Segment Open

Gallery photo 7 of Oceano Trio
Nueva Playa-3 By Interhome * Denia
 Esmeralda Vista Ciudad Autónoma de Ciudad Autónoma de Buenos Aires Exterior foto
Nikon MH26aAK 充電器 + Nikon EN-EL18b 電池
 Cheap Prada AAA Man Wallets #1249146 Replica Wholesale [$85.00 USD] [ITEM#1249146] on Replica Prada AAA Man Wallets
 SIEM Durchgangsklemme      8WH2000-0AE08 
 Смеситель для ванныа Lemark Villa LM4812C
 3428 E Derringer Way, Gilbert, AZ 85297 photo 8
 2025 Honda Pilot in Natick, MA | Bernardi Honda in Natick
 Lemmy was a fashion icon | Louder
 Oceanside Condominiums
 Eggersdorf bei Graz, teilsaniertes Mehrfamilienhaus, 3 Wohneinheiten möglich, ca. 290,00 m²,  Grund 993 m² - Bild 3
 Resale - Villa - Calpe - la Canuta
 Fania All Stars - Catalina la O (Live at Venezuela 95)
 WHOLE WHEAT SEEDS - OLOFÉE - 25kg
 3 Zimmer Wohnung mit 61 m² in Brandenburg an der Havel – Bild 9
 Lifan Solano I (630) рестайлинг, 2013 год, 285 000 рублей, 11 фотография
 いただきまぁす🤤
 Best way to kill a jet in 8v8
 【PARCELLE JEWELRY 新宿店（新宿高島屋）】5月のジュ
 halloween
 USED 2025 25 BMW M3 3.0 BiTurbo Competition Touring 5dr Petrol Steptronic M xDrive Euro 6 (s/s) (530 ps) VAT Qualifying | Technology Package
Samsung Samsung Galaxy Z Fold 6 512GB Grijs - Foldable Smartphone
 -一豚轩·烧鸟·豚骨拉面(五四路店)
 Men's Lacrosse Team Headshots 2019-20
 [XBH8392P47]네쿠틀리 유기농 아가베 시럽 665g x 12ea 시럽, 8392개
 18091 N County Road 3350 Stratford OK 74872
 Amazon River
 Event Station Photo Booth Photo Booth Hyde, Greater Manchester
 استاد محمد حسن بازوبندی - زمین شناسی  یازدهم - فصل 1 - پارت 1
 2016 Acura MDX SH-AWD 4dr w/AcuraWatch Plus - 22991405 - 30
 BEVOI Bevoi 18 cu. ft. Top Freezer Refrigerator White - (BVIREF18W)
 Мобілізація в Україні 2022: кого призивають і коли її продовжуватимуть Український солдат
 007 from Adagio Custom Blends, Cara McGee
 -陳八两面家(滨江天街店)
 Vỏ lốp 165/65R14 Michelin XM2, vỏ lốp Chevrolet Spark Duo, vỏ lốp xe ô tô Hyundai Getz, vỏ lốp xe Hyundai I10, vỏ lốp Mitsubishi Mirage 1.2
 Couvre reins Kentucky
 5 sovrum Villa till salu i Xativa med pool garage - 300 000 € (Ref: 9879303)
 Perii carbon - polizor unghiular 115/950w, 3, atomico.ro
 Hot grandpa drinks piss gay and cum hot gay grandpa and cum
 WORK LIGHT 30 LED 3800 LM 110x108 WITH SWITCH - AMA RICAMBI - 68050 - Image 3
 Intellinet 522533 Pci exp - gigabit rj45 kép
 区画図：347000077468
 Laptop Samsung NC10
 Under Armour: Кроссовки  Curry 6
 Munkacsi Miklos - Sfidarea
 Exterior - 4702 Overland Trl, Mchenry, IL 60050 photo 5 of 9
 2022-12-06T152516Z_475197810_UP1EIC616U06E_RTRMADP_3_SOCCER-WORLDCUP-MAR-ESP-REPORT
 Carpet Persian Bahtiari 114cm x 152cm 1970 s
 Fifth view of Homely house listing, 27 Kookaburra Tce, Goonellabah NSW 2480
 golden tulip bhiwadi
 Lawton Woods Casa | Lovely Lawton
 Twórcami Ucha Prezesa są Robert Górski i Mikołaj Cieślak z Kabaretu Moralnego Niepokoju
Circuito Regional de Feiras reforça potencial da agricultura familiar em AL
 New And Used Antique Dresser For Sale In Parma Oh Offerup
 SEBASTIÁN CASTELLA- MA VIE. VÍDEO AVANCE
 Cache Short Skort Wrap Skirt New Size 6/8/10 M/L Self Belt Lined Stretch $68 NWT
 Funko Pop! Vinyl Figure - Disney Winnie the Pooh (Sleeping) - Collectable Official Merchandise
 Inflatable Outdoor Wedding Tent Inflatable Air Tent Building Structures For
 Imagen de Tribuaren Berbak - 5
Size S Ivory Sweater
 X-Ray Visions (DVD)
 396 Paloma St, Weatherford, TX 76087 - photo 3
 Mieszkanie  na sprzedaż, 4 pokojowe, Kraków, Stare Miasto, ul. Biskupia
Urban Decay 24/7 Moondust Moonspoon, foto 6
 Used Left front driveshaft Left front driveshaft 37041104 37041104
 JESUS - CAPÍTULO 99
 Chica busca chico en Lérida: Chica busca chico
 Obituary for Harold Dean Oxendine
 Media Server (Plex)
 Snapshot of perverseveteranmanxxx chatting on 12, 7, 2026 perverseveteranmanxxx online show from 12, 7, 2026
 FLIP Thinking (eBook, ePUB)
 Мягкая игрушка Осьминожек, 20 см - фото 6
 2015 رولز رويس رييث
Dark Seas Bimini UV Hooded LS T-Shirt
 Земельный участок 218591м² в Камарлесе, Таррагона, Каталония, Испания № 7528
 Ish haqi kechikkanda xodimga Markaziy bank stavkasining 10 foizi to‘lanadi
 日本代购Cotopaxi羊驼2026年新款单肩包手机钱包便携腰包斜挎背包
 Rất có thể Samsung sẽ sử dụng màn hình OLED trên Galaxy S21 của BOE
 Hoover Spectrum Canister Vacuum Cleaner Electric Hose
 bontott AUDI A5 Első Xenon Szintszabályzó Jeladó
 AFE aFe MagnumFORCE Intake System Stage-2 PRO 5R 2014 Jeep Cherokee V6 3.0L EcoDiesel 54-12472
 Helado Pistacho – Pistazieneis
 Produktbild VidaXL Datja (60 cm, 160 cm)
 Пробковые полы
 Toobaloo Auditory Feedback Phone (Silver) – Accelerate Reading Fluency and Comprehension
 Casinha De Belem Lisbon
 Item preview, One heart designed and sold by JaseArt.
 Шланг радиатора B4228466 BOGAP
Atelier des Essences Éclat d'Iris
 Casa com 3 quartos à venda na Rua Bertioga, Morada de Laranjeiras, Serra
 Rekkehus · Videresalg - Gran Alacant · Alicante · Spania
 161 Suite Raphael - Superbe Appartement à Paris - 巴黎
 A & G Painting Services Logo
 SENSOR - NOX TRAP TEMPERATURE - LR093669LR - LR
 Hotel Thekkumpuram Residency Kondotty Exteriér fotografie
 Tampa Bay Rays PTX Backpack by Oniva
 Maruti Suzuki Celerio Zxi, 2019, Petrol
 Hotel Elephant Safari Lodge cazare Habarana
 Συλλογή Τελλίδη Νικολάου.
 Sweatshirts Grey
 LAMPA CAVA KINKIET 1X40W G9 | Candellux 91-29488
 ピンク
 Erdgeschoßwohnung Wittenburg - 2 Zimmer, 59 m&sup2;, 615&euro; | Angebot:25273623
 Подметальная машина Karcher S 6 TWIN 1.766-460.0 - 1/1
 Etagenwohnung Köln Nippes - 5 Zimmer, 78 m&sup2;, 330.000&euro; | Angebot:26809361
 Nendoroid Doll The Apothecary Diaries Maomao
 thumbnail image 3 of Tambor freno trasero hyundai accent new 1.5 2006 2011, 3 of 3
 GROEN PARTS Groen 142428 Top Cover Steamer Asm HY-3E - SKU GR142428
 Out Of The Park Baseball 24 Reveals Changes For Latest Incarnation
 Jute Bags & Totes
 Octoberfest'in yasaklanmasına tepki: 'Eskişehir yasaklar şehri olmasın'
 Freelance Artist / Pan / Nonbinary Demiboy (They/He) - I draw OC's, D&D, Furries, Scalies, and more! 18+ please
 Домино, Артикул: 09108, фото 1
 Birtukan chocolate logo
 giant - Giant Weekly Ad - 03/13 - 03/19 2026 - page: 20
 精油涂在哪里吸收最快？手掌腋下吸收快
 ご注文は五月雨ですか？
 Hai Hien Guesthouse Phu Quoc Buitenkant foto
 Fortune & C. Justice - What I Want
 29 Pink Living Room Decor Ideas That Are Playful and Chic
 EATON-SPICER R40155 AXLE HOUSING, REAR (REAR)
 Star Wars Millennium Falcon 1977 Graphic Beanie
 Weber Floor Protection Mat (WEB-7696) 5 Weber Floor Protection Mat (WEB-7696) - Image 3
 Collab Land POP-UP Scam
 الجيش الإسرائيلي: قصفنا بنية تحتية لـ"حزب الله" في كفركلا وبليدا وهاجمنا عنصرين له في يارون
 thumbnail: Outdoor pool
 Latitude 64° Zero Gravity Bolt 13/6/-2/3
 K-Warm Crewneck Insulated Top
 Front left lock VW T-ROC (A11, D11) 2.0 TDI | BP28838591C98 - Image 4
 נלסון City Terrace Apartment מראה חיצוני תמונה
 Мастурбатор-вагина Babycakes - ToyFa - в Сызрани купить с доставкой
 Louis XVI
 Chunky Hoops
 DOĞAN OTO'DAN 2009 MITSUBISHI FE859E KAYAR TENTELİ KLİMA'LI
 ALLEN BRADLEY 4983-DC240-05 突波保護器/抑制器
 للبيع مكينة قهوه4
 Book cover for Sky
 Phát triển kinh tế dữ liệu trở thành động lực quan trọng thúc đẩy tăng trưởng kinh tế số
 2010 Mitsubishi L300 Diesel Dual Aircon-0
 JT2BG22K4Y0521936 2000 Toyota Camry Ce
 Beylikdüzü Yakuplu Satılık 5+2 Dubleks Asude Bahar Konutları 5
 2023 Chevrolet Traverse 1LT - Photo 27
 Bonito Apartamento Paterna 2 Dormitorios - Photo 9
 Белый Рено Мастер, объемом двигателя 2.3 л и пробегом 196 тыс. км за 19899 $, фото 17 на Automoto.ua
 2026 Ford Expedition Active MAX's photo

Segment Closed

Filter the listing by the string "from"; copy each matching line.

_RESULT FOR THIS TASK_
 007 from Adagio Custom Blends, Cara McGee
 Snapshot of perverseveteranmanxxx chatting on 12, 7, 2026 perverseveteranmanxxx online show from 12, 7, 2026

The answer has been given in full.